LONDON.- Victoria Miro presents the first of two exhibitions at the gallery this autumn by the celebrated American artist Kara Walker.
Often provocative and humorous, Kara Walker's work explores the tensions and power plays of racial and gender relations. Walker's work engages with historical narratives, particularly the experience of African Americans in the antebellum American south, and the ways in which these stories have been suppressed, distorted and falsified.
Drawing from art historical and literary sources, she creates and deconstructs scenarios that expose biases and prejudices, exploring the power struggles underlying personal and political relationships. Her work proposes alternative mythologies, and new ways of engaging with traumatic historical material. Walker is best known for her room-sized tableaux of cut paper silhouettes attached directly to the wall. She also works in painting, drawing and text-based work, and in recent years her practice has expanded to include light projections, film and video. One of her primary motifs is the silhouette, a visual form that has historically been associated with simplistic or exaggerated imagery, particularly caricatures. Walker uses this decorative style to create complex and sophisticated narratives, emphasizing and undermining the ways in which images and narratives can be subject to stereotyping.
For her first exhibition with Victoria Miro, Walker is producing a new body of work made with the gallerys unique spaces in mind. In Go to Hell or Atlanta, Whichever Comes First Walker has drawn inspiration from the southern American city where she spent her teenage years. The centrepiece of the exhibition will be a cut paper installation and large scale photographic wallpaper piece, the latter made in collaboration with photographer and filmmaker Ari Marcopoulos. These works reference Stone Mountain, a park on the outskirts of Atlanta featuring the worlds largest exposed granite monolith, the surface of which features a partially completed bas-relief carving of Confederate generals on horseback.
The mountain and the park that bears its name have had a chequered history. In 1915 Stone Mountain was declared the spiritual home of the Ku Klux Klan; more recently it has become a theme park with a wild west train ride and popular laser shows. Walkers work draws on the layered histories and associations of the site.

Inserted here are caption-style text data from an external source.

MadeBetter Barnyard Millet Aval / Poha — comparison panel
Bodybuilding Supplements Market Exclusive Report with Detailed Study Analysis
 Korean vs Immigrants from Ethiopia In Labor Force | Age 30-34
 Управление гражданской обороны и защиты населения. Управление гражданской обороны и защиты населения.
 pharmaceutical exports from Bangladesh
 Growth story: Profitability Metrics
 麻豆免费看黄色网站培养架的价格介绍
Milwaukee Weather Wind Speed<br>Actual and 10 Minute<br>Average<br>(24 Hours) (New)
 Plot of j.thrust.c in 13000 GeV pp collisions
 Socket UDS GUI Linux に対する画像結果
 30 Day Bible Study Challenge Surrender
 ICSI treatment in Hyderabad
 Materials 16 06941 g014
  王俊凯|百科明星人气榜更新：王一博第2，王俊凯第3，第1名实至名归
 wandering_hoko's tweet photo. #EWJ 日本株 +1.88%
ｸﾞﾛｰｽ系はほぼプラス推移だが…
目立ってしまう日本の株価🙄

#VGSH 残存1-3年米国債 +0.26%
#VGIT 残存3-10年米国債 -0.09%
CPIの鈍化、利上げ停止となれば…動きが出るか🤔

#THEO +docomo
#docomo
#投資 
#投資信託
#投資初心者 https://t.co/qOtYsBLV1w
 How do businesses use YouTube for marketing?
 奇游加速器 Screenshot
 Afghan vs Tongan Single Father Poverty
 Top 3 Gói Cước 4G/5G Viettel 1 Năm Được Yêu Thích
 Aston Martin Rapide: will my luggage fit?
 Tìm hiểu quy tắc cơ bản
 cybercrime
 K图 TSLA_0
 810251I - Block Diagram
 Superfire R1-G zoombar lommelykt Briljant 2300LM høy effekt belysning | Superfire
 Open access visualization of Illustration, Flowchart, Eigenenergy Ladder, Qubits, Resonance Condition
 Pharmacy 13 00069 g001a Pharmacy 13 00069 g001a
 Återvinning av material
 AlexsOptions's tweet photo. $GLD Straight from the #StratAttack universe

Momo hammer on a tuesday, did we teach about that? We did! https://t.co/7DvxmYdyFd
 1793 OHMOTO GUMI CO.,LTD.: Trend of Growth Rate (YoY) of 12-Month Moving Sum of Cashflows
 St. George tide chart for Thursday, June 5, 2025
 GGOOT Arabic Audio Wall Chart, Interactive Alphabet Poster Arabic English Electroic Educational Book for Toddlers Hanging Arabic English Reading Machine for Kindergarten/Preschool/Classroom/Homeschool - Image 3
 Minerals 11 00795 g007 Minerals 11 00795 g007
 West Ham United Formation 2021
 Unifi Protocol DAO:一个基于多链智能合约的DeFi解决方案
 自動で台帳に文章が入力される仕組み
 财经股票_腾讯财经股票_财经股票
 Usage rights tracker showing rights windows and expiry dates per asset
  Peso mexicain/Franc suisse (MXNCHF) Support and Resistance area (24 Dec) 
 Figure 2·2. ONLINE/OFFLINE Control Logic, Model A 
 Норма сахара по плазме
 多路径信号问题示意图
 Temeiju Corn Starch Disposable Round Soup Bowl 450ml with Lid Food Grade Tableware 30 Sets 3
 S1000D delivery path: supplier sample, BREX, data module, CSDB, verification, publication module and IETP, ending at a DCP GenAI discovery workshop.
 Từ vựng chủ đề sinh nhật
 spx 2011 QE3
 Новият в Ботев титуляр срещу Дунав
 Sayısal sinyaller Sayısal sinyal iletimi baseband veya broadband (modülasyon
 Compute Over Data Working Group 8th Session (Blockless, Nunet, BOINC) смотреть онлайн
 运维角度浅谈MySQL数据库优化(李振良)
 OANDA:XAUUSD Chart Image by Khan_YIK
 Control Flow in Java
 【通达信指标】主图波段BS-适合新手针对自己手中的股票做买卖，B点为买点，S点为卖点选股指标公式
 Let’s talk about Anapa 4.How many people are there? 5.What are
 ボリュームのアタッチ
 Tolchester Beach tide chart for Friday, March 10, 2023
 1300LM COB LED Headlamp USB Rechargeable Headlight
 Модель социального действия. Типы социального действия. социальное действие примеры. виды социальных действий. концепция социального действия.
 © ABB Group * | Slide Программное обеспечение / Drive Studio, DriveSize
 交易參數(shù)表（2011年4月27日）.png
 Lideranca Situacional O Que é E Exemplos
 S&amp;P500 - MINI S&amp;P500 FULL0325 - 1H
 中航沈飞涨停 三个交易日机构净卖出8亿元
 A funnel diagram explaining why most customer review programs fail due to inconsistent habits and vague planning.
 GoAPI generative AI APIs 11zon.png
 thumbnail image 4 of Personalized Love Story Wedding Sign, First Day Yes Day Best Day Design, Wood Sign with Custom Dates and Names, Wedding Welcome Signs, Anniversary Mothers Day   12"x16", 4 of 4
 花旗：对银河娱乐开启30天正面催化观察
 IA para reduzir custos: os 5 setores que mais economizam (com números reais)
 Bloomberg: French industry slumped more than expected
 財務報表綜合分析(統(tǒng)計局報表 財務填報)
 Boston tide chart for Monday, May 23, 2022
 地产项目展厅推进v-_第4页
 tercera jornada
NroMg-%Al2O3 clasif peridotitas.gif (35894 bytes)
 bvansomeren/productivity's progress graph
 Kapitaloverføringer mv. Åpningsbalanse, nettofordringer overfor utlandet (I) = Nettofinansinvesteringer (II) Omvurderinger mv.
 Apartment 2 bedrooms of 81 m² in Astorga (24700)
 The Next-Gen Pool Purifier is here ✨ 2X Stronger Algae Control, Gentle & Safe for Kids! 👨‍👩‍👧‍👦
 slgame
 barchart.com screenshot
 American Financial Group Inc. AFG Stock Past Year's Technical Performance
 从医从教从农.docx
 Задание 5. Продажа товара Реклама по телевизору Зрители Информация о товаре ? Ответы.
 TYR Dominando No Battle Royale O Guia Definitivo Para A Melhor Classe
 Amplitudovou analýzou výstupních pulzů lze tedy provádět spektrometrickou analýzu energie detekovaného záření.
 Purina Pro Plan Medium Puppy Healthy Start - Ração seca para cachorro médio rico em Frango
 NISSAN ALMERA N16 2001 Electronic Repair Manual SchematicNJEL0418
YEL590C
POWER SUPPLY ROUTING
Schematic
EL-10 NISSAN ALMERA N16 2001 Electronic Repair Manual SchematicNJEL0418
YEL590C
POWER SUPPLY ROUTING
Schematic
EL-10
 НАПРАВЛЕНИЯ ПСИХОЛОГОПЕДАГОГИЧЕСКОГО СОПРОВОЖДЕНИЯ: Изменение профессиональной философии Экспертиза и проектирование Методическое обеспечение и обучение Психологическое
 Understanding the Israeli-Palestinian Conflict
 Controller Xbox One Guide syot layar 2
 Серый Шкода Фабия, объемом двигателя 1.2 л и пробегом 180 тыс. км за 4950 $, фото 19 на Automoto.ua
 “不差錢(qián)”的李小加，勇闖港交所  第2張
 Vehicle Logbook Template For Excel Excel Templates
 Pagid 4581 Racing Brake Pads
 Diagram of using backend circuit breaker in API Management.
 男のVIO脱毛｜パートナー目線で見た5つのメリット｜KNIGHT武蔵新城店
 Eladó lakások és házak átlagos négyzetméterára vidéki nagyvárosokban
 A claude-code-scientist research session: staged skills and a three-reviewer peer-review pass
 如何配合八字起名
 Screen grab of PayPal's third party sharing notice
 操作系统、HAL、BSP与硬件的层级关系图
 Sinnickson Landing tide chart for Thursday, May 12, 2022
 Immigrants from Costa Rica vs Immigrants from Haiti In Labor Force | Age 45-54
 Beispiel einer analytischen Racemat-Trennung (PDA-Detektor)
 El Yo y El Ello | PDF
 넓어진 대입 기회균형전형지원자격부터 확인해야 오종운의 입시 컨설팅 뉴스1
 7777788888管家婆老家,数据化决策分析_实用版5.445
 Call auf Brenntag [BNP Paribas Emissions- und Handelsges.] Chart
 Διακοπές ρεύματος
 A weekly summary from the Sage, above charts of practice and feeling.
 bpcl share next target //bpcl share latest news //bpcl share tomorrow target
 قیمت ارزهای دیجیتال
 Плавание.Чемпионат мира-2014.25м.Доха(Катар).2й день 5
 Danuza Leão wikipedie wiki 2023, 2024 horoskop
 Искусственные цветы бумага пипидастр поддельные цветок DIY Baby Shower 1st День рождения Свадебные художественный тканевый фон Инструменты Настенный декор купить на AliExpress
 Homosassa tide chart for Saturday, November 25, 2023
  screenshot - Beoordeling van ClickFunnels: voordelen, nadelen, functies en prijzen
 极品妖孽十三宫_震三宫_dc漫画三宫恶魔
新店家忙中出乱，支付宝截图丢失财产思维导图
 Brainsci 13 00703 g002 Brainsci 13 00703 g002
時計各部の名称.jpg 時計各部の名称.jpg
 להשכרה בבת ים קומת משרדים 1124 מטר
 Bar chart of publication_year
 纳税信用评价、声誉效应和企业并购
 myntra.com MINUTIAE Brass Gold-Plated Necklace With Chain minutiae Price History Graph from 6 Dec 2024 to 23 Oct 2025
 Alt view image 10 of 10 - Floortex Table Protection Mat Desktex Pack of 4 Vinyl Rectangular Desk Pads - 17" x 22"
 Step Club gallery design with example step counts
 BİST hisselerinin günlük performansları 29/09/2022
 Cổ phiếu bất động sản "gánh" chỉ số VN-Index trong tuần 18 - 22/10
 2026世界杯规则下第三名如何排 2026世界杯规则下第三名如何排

The Atlanta works will be complemented by Four Idioms on Negro Art, which addresses forms of representation that have a stereotypical association with low art: Folk Art, Graffiti and Primitivism. Each monumental work shows the artist taking on the attributes of a specific visual language, simultaneously paying homage to and satirising the motifs and style of the given forms.
In a sketch outlining her conception of this body of work, Walker sets up the Idioms in contradiction to Four Desires: Conceptual Art Practice, Fine Art, Technical Mastery and Mind Boggling Scale, and suggests a parodic dichotomy between the form and intention of art based on gender, class, education and skill.
Walker was born in Stockton, California in 1969. She currently lives and works in New York. In the summer of 2015 the artist directs staging, set and costume design for a production of Norma at Teatro La Fenice, Venice, as part of a special commission by the 56th International Art Exhibition, la Biennale di Venezia. Creative Time presented in 2014 the artist's large-scale public project A Subtletly at the Domino Sugar Factory, New York; in the same year, Walker curated the group exhibiton Ruffneck Constructivists at the Institute of Contemporary Art, University of Pennsylvania. Recent major solo exhibitions include presentations at the Camden Arts Centre, London (2013); Art Institute of Chicago (2013); Center for Contemporary Art Ujazdowski Castle, Warsaw (2011); Fondazione Merz, Turin (2011); Cincinnati Art Museum (2010); Centro de Arte Contemporáneo de Málaga (2008); and Museum Dhondt-Dhaenens, Deurle (2008). In 2007-2008 the artist was the subject of the major retrospective Kara Walker: My Complement, My Enemy, My Oppressor, My Love at the Walker Art Center, Minneapolis; the Musée d'Art Moderne de la Ville de Paris; the Whitney Museum of American Art, New York; the Hammer Museum, Los Angeles and the Museum of Modern Art, Fort Worth. Her work is in the collections of major museums including the Solomon R. Guggenheim Museum, New York; the Museum of Modern Art, New York; the Metropolitan Museum of Art, New York; the Museum of Contemporary Art, Chicago; Tate, London; Museo Nazionale delle Arti del XXI Secolo, Rome and Mudam, Luxembourg. Walker received a MacArthur Foundation Fellowship in 1997, the Deutsche Bank Prize in 2000, and the United States Artists Eileen Harris Norton Fellowship in 2008.